Every entry must appear in the output exactly as it does here.
□ □ □
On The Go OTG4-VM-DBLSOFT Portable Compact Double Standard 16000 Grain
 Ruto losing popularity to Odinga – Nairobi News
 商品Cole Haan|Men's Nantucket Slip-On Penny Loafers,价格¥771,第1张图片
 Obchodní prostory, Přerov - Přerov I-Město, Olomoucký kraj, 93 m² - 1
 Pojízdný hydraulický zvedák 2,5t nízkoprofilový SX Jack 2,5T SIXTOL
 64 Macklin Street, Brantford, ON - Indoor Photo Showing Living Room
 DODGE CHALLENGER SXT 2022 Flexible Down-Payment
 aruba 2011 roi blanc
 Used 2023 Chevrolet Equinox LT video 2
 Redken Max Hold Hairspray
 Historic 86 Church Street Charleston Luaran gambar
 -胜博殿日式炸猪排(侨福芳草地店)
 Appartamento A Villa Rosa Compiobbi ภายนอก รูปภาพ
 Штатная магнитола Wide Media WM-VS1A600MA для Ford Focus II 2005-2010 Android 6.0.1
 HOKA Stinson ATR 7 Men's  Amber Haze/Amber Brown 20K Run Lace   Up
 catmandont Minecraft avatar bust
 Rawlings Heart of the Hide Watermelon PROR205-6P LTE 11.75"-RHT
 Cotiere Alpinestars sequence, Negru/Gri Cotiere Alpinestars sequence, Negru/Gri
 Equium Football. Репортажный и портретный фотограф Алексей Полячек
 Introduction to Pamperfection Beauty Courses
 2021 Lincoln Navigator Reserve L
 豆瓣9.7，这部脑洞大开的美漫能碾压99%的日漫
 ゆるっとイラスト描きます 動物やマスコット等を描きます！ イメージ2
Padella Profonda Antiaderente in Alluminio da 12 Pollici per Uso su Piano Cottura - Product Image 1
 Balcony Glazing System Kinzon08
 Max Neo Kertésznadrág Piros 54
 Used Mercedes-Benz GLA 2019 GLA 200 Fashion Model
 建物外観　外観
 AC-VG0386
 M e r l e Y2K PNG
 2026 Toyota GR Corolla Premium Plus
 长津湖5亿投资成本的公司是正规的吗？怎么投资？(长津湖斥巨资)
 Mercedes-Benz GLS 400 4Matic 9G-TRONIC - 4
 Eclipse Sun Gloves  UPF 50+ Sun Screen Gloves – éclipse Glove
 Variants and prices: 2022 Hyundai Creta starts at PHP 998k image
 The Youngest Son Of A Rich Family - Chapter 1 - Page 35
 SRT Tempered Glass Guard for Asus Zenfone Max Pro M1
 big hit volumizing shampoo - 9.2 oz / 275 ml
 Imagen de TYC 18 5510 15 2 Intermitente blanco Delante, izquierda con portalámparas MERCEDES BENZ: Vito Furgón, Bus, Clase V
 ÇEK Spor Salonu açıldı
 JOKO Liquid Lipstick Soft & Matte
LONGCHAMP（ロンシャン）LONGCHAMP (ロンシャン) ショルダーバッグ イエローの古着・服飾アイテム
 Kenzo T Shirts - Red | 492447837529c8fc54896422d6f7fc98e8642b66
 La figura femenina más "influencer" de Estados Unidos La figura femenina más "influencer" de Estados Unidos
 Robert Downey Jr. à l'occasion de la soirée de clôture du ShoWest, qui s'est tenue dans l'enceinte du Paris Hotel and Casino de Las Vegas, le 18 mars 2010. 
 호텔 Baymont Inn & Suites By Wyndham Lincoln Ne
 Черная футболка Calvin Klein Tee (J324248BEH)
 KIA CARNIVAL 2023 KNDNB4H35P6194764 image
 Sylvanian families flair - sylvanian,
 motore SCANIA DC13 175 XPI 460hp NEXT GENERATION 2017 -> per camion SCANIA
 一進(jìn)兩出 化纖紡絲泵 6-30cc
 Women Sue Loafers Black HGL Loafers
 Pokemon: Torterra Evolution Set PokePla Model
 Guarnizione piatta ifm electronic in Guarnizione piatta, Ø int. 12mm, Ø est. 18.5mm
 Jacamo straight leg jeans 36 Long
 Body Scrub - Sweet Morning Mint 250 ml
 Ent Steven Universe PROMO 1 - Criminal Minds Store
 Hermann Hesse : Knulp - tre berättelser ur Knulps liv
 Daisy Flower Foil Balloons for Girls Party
□ □ □
> [Reply to the task]:
On The Go OTG4-VM-DBLSOFT Portable Compact Double Standard 16000 Grain
 Ruto losing popularity to Odinga – Nairobi News
 商品Cole Haan|Men's Nantucket Slip-On Penny Loafers,价格¥771,第1张图片
 Obchodní prostory, Přerov - Přerov I-Město, Olomoucký kraj, 93 m² - 1
 Pojízdný hydraulický zvedák 2,5t nízkoprofilový SX Jack 2,5T SIXTOL
 64 Macklin Street, Brantford, ON - Indoor Photo Showing Living Room
 DODGE CHALLENGER SXT 2022 Flexible Down-Payment
 aruba 2011 roi blanc
 Used 2023 Chevrolet Equinox LT video 2
 Redken Max Hold Hairspray
 Historic 86 Church Street Charleston Luaran gambar
 -胜博殿日式炸猪排(侨福芳草地店)
 Appartamento A Villa Rosa Compiobbi ภายนอก รูปภาพ
 Штатная магнитола Wide Media WM-VS1A600MA для Ford Focus II 2005-2010 Android 6.0.1
 HOKA Stinson ATR 7 Men's  Amber Haze/Amber Brown 20K Run Lace   Up
 catmandont Minecraft avatar bust
 Rawlings Heart of the Hide Watermelon PROR205-6P LTE 11.75"-RHT
 Cotiere Alpinestars sequence, Negru/Gri Cotiere Alpinestars sequence, Negru/Gri
 Equium Football. Репортажный и портретный фотограф Алексей Полячек
 Introduction to Pamperfection Beauty Courses
 2021 Lincoln Navigator Reserve L
 豆瓣9.7，这部脑洞大开的美漫能碾压99%的日漫
 ゆるっとイラスト描きます 動物やマスコット等を描きます！ イメージ2
Padella Profonda Antiaderente in Alluminio da 12 Pollici per Uso su Piano Cottura - Product Image 1
 Balcony Glazing System Kinzon08
 Max Neo Kertésznadrág Piros 54
 Used Mercedes-Benz GLA 2019 GLA 200 Fashion Model
 建物外観　外観
 AC-VG0386
 M e r l e Y2K PNG
 2026 Toyota GR Corolla Premium Plus
 长津湖5亿投资成本的公司是正规的吗？怎么投资？(长津湖斥巨资)
 Mercedes-Benz GLS 400 4Matic 9G-TRONIC - 4
 Eclipse Sun Gloves  UPF 50+ Sun Screen Gloves – éclipse Glove
 Variants and prices: 2022 Hyundai Creta starts at PHP 998k image
 The Youngest Son Of A Rich Family - Chapter 1 - Page 35
 SRT Tempered Glass Guard for Asus Zenfone Max Pro M1
 big hit volumizing shampoo - 9.2 oz / 275 ml
 Imagen de TYC 18 5510 15 2 Intermitente blanco Delante, izquierda con portalámparas MERCEDES BENZ: Vito Furgón, Bus, Clase V
 ÇEK Spor Salonu açıldı
 JOKO Liquid Lipstick Soft & Matte
LONGCHAMP（ロンシャン）LONGCHAMP (ロンシャン) ショルダーバッグ イエローの古着・服飾アイテム
 Kenzo T Shirts - Red | 492447837529c8fc54896422d6f7fc98e8642b66
 La figura femenina más "influencer" de Estados Unidos La figura femenina más "influencer" de Estados Unidos
 Robert Downey Jr. à l'occasion de la soirée de clôture du ShoWest, qui s'est tenue dans l'enceinte du Paris Hotel and Casino de Las Vegas, le 18 mars 2010. 
 호텔 Baymont Inn & Suites By Wyndham Lincoln Ne
 Черная футболка Calvin Klein Tee (J324248BEH)
 KIA CARNIVAL 2023 KNDNB4H35P6194764 image
 Sylvanian families flair - sylvanian,
 motore SCANIA DC13 175 XPI 460hp NEXT GENERATION 2017 -> per camion SCANIA
 一進(jìn)兩出 化纖紡絲泵 6-30cc
 Women Sue Loafers Black HGL Loafers
 Pokemon: Torterra Evolution Set PokePla Model
 Guarnizione piatta ifm electronic in Guarnizione piatta, Ø int. 12mm, Ø est. 18.5mm
 Jacamo straight leg jeans 36 Long
 Body Scrub - Sweet Morning Mint 250 ml
 Ent Steven Universe PROMO 1 - Criminal Minds Store
 Hermann Hesse : Knulp - tre berättelser ur Knulps liv
 Daisy Flower Foil Balloons for Girls Party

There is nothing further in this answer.